【演劇ニュース】
先日までの厳しい寒さが緩んだ2月22日、大阪・サンケイホールブリーゼでキャラメルボックス『夏への扉』が初日を迎えた。アメリカの作家、ロバート・A・ハインラインの名作SFを世界初舞台化した今回のステージは、脚本・演出の成井豊が26年前の劇団旗揚げ当時「『夏への扉』のような舞台を作りたい」と劇団員に公言していたほど思い続けてきた念願の作品だ。
物語の舞台は1970年。主人公、ダニエル・デイヴィス(畑中智行)は親友マイルズ(大内厚雄)とふたりで会社を設立。"ハイヤード・ガール"と名付けたロボットの開発に成功する。しかし、婚約者のベル(岡田さつき)とマイルズが仕組んだ罠にはめられ、失意のどん底に。ダニエルは復讐を誓うが、逆に捕らわれの身となり、コールドスリープ(冷凍睡眠)の冷凍場に送られてしまう。30年後の世界で目覚めたダニエルは...。

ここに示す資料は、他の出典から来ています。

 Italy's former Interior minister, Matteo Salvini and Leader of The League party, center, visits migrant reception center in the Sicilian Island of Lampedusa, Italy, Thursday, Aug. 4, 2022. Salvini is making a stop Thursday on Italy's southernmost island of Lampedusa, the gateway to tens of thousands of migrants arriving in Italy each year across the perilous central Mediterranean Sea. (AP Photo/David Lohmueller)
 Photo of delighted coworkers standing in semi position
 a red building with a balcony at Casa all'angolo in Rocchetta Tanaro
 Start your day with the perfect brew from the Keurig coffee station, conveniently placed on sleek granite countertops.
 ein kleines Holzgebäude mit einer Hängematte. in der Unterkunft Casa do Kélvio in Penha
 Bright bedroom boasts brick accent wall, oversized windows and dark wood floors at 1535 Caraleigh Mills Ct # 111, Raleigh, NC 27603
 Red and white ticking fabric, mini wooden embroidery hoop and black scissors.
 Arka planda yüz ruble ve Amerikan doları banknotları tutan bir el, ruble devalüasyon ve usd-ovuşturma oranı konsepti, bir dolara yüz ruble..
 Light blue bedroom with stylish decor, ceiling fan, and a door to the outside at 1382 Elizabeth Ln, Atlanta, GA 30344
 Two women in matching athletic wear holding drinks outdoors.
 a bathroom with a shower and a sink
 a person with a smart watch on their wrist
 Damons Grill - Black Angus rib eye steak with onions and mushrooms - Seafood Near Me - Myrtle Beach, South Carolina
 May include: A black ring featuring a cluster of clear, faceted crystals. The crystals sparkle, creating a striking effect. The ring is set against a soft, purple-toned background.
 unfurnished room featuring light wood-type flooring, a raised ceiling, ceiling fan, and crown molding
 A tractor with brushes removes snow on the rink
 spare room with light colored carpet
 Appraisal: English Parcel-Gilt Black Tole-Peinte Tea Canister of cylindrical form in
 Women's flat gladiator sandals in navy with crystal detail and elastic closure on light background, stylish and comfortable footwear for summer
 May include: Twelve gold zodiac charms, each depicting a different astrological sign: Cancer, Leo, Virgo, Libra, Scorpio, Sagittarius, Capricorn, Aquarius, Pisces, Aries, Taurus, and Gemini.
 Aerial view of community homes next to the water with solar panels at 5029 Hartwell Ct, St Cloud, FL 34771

舞台の前半、まず、ダニエルはこれでもか! というくらいの仕打ちを受ける。婚約者と親友に会社も財産も奪われるわ、何やら注射を打たれるわ、30年間の眠りにつかされるわで、身も心もズタズタ状態に。その婚約者・ベルは、世の恐ろしい女たちを大集合させたかのような徹底した悪女ぶりを披露。ダニエルは、嘆き、怒りを爆発させながらも時空間を前に前に突き進んで行く。彼の救いの存在となるのは、最愛の飼い猫・ピート。猫でありながら、体を張ってダニエルに仕えるほか、要所に笑いを提供するキーパーソンならぬ"キーキャット"となっているのも注目。そして、物語はダニエルの復讐劇へ。騙された全貌を知ることになった彼は、新たな出会い、信頼、そして時を超えて愛に気づきながら、自身の道を切り開いてゆく...。
"タイムトラベルもの"特有のドキドキ感を存分に駆使しながら、エネルギーに満ち溢れた作品。どん底状態から這い上がってゆく主人公の強さは爽快で、大逆転のサクセスストーリーには感情移入してしまう。そして、そんな状況下でも真実の愛に気づき、笑えることの素晴らしさ。なお、同作は映像化の可能性は現在ゼロとのこと。生の舞台でぜひ目にしてほしい。
大阪公演は2月27日(日)までサンケイホールブリーゼにて。その後、3月5日(土)から27日(日)まで東京・ル テアトル銀座 by PARCOでも公演。チケットは発売中。